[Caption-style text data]
:::::

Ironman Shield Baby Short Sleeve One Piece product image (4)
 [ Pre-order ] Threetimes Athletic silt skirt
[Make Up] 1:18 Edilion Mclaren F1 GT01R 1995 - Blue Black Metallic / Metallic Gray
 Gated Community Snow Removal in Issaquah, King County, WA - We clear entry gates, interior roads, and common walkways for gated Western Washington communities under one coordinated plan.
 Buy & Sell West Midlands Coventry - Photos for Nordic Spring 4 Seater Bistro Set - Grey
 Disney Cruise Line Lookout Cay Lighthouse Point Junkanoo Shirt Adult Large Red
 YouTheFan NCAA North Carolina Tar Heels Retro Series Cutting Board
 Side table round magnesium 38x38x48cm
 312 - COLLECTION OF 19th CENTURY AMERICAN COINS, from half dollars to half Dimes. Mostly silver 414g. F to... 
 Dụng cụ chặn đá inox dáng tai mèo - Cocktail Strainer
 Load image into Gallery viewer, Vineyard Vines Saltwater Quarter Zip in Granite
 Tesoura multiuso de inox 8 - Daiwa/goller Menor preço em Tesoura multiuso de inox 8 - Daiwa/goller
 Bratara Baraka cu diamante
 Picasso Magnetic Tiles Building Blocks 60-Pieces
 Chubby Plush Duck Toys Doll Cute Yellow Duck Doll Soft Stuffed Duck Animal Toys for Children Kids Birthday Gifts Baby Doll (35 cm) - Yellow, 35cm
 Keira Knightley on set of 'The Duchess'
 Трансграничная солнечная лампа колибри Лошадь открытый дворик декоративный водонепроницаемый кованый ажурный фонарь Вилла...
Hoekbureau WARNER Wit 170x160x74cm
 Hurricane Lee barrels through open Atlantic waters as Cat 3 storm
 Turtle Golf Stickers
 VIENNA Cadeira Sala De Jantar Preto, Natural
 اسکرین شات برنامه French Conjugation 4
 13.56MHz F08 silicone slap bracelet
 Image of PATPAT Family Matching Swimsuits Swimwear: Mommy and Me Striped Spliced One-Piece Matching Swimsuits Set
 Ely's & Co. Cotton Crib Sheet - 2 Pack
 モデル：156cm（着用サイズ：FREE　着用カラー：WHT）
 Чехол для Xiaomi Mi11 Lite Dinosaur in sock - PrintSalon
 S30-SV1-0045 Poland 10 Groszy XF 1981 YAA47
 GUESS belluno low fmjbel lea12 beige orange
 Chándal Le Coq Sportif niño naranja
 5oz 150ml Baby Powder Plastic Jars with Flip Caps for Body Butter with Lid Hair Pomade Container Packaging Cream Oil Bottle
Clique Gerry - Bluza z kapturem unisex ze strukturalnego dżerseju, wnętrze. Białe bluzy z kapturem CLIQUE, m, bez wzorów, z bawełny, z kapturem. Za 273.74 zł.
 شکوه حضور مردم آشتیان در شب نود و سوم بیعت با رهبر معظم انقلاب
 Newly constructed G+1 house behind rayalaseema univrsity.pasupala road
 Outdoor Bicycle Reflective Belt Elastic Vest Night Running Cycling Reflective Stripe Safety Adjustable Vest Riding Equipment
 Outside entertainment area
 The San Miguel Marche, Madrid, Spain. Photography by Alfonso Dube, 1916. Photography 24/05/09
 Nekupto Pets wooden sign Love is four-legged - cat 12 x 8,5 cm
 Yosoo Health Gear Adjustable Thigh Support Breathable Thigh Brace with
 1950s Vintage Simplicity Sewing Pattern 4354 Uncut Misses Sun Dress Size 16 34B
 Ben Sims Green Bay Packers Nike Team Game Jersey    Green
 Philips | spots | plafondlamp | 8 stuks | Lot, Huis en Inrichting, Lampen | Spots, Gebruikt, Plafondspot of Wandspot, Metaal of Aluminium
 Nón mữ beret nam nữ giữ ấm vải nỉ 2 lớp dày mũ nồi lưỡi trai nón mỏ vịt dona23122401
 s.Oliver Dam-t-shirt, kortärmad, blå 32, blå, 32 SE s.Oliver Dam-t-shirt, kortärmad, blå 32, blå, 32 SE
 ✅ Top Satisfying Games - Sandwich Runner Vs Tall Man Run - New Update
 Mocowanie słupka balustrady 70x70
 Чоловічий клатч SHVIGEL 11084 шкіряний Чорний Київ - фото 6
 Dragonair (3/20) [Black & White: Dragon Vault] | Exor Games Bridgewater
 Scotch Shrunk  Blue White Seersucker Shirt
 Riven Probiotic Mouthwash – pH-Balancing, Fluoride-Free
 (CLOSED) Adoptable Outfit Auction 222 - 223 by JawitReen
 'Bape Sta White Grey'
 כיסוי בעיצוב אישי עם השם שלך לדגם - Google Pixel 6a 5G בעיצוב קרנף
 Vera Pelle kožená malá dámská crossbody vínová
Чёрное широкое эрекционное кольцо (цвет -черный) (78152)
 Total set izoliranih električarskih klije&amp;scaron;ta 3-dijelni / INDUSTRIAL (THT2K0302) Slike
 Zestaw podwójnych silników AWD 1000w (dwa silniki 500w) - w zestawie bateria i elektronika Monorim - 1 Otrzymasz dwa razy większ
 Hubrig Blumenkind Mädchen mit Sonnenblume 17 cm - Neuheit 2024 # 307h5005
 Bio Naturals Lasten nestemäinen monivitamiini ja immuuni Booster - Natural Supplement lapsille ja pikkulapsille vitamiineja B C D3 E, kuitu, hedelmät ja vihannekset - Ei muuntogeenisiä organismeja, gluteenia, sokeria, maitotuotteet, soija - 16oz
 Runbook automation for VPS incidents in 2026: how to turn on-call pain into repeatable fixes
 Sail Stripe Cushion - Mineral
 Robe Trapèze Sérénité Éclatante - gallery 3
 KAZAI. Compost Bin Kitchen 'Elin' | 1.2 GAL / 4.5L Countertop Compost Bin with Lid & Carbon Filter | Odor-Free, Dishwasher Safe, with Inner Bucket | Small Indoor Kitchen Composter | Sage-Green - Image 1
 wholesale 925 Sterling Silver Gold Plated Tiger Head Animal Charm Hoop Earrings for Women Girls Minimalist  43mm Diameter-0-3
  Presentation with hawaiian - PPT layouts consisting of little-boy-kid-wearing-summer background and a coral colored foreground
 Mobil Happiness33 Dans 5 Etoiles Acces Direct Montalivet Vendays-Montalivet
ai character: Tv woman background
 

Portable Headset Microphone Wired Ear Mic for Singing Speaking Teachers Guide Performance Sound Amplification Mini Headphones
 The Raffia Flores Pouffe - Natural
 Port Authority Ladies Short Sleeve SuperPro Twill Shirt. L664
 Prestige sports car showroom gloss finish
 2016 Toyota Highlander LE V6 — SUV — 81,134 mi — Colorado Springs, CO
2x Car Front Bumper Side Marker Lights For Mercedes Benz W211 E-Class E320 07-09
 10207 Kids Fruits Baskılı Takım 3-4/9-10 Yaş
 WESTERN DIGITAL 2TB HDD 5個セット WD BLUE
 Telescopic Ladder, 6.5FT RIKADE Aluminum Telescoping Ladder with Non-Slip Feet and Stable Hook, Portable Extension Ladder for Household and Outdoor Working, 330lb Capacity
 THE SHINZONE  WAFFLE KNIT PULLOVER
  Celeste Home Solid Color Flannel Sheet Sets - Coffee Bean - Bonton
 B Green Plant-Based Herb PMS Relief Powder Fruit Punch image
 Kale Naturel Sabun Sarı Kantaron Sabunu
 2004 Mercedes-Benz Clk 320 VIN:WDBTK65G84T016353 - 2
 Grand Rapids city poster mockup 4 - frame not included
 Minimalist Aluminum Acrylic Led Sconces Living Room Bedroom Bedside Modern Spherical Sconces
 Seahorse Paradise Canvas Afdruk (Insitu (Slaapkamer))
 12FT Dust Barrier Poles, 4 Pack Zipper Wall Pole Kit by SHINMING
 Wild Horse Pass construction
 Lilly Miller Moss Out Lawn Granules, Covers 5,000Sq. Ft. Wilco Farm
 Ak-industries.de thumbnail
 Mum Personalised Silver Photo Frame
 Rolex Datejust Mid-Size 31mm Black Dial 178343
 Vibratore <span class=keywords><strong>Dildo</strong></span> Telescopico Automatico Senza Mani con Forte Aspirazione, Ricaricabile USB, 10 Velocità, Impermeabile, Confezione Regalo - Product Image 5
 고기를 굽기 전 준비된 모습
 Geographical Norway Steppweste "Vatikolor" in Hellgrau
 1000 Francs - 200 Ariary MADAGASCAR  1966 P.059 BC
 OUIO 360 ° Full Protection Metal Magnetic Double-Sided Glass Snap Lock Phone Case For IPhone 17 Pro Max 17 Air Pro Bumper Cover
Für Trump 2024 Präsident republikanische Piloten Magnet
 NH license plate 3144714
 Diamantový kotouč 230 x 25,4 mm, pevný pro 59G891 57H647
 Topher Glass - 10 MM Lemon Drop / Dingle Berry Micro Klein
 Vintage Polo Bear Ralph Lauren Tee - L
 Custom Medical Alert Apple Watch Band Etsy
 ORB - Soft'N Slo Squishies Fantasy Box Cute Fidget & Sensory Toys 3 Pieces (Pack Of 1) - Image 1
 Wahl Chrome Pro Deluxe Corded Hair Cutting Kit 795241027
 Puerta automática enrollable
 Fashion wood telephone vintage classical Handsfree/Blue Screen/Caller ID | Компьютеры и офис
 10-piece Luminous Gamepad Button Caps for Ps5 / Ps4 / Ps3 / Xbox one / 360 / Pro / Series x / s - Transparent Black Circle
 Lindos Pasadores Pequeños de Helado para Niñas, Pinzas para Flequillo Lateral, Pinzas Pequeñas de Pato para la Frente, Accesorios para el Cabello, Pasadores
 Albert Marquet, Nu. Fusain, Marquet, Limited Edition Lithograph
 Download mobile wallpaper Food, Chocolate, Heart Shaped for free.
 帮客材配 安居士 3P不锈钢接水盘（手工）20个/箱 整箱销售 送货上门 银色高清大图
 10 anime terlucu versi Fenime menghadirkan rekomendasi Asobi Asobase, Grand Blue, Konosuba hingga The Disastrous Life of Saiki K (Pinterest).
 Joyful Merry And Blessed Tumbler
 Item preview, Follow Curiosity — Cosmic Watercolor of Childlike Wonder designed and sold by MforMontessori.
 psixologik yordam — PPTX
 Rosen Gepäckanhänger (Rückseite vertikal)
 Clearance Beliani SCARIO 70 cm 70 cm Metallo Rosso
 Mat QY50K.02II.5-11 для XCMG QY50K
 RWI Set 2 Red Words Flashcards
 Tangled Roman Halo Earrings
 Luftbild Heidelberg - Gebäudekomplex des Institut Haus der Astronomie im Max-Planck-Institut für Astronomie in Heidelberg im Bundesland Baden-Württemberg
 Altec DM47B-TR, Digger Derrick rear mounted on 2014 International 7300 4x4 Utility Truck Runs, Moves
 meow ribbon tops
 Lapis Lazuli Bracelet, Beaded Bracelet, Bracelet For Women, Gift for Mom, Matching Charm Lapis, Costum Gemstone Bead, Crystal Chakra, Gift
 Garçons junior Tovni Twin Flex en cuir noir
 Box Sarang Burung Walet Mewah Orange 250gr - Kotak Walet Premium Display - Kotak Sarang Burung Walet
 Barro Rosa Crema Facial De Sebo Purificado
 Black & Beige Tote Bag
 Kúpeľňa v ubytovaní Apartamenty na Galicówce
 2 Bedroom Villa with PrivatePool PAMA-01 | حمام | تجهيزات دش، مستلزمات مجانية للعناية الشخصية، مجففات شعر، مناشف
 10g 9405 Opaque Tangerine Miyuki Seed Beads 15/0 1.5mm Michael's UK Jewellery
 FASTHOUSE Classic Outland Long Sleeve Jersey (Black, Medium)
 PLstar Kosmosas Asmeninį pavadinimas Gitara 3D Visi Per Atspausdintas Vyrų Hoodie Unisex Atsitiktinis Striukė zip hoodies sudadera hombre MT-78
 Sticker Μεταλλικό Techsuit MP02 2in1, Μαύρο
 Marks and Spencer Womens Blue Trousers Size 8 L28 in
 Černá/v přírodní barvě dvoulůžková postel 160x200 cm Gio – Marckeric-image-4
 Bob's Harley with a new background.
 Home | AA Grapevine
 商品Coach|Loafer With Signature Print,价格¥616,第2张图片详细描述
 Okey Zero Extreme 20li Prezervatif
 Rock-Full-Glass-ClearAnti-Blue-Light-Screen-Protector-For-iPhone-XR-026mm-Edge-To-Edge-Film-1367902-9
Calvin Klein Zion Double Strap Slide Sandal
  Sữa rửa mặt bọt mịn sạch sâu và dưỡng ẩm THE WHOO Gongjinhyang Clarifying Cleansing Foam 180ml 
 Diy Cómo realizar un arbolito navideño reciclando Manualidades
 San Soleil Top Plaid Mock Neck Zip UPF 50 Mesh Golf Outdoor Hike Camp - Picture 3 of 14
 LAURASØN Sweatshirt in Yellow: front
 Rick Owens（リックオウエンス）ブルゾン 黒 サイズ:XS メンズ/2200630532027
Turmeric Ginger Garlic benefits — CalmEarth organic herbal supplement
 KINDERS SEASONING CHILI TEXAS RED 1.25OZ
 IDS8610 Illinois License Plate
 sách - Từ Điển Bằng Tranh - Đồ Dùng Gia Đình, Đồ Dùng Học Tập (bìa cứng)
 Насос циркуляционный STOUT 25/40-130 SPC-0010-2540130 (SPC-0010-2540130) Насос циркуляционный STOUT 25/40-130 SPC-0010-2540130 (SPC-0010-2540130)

:::::

• **TASK STATEMENT**
Lines from the top of the data above through the line containing "Side table round magnesium 38x38x48cm" must be repeated exactly. All other lines stay out.

• **WRITTEN REPLY**
Ironman Shield Baby Short Sleeve One Piece product image (4)
 [ Pre-order ] Threetimes Athletic silt skirt
[Make Up] 1:18 Edilion Mclaren F1 GT01R 1995 - Blue Black Metallic / Metallic Gray
 Gated Community Snow Removal in Issaquah, King County, WA - We clear entry gates, interior roads, and common walkways for gated Western Washington communities under one coordinated plan.
 Buy & Sell West Midlands Coventry - Photos for Nordic Spring 4 Seater Bistro Set - Grey
 Disney Cruise Line Lookout Cay Lighthouse Point Junkanoo Shirt Adult Large Red
 YouTheFan NCAA North Carolina Tar Heels Retro Series Cutting Board
 Side table round magnesium 38x38x48cm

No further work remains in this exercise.